■ PROBLEM REQUIREMENTS: Begin at the line containing "69310eff908475d562cd8efe LV-Inspired 25S" and copy each line exactly through the end of the records, leaving out what comes before.

══ SOURCE DATA

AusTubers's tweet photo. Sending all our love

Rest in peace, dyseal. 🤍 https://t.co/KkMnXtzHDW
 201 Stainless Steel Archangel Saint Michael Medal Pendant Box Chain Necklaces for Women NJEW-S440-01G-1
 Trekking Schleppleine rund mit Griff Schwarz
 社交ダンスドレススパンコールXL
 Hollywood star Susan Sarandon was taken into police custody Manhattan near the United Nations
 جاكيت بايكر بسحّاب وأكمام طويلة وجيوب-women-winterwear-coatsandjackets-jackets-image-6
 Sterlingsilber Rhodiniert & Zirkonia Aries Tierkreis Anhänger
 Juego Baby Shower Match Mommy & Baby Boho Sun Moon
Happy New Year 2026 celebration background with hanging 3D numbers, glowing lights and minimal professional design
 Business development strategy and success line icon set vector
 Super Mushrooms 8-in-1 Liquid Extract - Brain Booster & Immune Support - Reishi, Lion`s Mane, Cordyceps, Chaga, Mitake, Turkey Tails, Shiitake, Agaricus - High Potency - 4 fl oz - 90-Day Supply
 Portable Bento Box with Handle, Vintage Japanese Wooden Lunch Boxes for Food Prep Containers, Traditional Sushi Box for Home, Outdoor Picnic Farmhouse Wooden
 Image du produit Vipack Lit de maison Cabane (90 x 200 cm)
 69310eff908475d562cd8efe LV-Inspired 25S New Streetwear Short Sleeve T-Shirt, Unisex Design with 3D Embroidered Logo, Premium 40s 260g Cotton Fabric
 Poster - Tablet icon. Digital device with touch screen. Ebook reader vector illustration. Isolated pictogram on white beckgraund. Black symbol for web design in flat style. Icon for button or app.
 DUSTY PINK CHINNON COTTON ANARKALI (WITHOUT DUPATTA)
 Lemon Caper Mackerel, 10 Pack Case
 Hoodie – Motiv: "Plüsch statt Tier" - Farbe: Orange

════

■ SOLUTION TO THIS TASK:
 69310eff908475d562cd8efe LV-Inspired 25S New Streetwear Short Sleeve T-Shirt, Unisex Design with 3D Embroidered Logo, Premium 40s 260g Cotton Fabric
 Poster - Tablet icon. Digital device with touch screen. Ebook reader vector illustration. Isolated pictogram on white beckgraund. Black symbol for web design in flat style. Icon for button or app.
 DUSTY PINK CHINNON COTTON ANARKALI (WITHOUT DUPATTA)
 Lemon Caper Mackerel, 10 Pack Case
 Hoodie – Motiv: "Plüsch statt Tier" - Farbe: Orange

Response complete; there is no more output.